If so - why is this not done? Is that merely an optimisation not done by the compiler, or is there any specific reason behind this?

CodePudding user response:

You're missing two things.

The first is that callvirt does a null-check on the receiver, whereas call does not. This means that using callvirt on a null receiver will raise a NullReferenceException, whereas call will happily call the method and pass null as the first parameter, meaning that the method will get a this parameter which is null.

Sound surprising? It is. IIRC in very early .NET versions call was used in the way you suggest, and people got very confused about how this could be null inside a method. The compiler switched to callvirt to force the runtime to do a null-check upfront.

There are only a handful of places where the compiler will emit a call:

  1. Static methods.
  2. Non-virtual struct methods.
  3. Calling a base method or base constructor (where we know the receiver is not null, and we also explicitly do not want to make a virtual call).
  4. Where the compiler is certain that the receiver is not null, e.g. foo?.Method() where Method is non-virtual.

That last point in particular means that making a method virtual is a binary-breaking change.

Just for fun, see this check for this == null in String.Equals.


The second thing is that _something.Call("test"); is not a virtual call, it's a constrained virtual call. There's a constrained opcode which appears before it.

Constrained virtual calls were introduced with generics. The problem is that method calls on classes and on structs are a bit different:

  1. For classes, you load the class reference (e.g. with ldloc), then use call / callvirt .
  2. For structs, you load the address of the struct (e.g. with ldloc.a), then use call.
  3. To call an interface method on a struct, or a method defined on object, you need to load the struct value (e.g. with ldloc), box it, then use call / callvirt.

If a generic type is unconstrained (i.e. it could be a class or a struct), the compiler doesn't know what to do: should it use ldloc or ldloc.a? Should it box or not? call or callvirt?

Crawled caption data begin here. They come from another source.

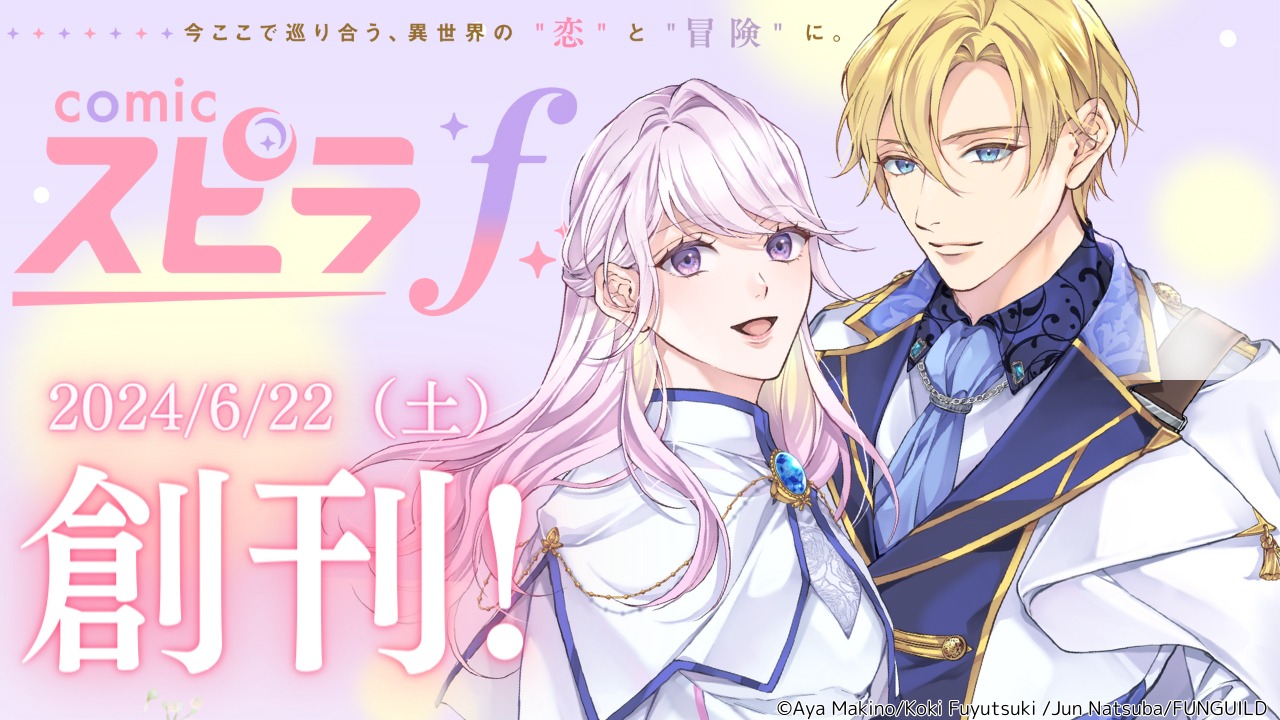 comicスピラfバナー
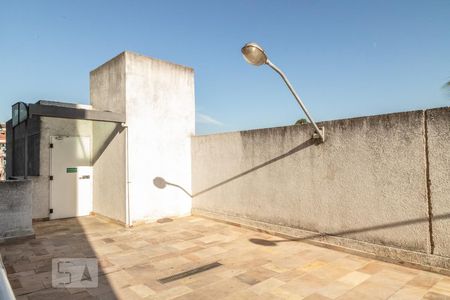 Apartamento à venda com 50m², 2 quartos e 1 vagaVista da Varanda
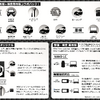 ツールプラネット…ASS2025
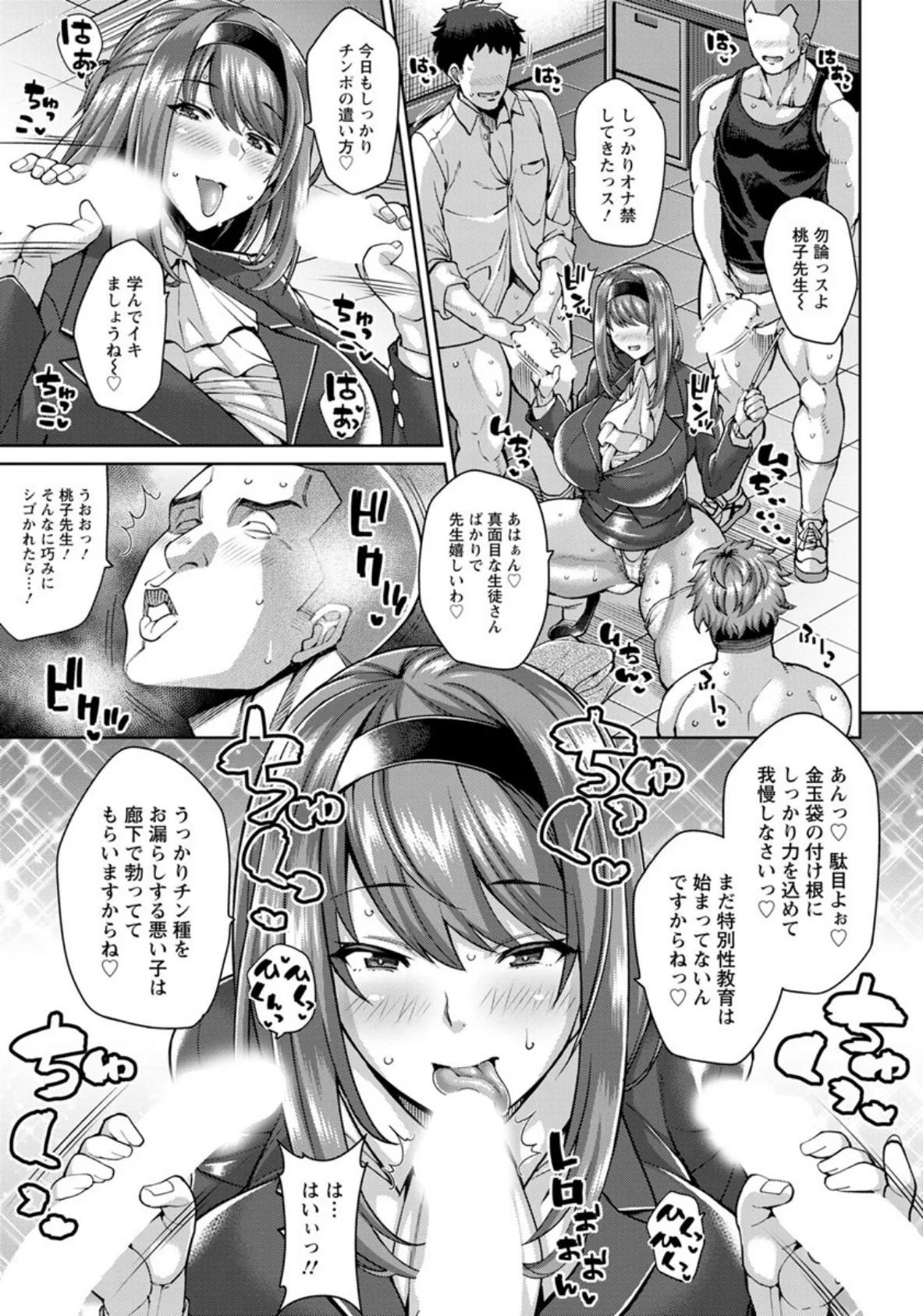 桃子先生の楽しい性教育【単話】 3ページ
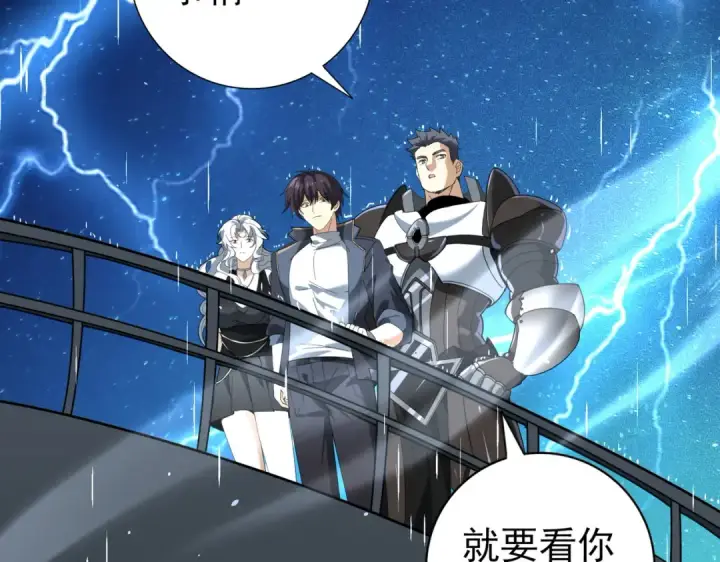 漫画《全民转职：驭龙师是最弱职业？》第116话 出发暗影岛第139张图
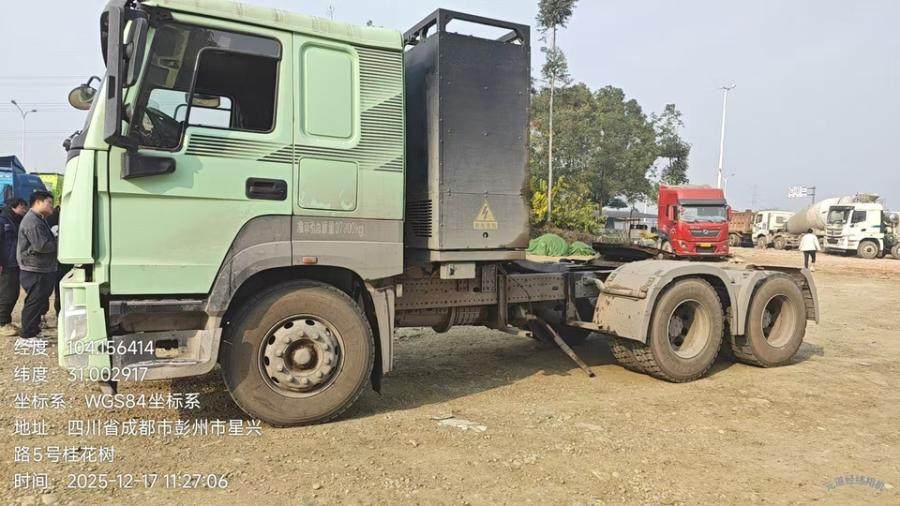 12月28日成都川A****5D的中国重汽成都商用车(王牌)牵引车一辆网路拍卖公告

Constrained virtual calls move this responsibility to the runtime. To quote the doc above:

When a callvirt method instruction has been prefixed by constrained thisType, the instruction is executed as follows:

  • If thisType is a reference type (as opposed to a value type) then ptr is dereferenced and passed as the 'this' pointer to the callvirt of method.
  • If thisType is a value type and thisType implements method then ptr is passed unmodified as the 'this' pointer to a call method instruction, for the implementation of method by thisType.
  • If thisType is a value type and thisType does not implement method then ptr is dereferenced, boxed, and passed as the 'this' pointer to the callvirt method instruction.

This last case can occur only when method was defined on System.Object, System.ValueType, or System.Enum and not overridden by thisType. In this case, the boxing causes a copy of the original object to be made. However, because none of the methods of System.Object, System.ValueType, and System.Enum modify the state of the object, this fact cannot be detected.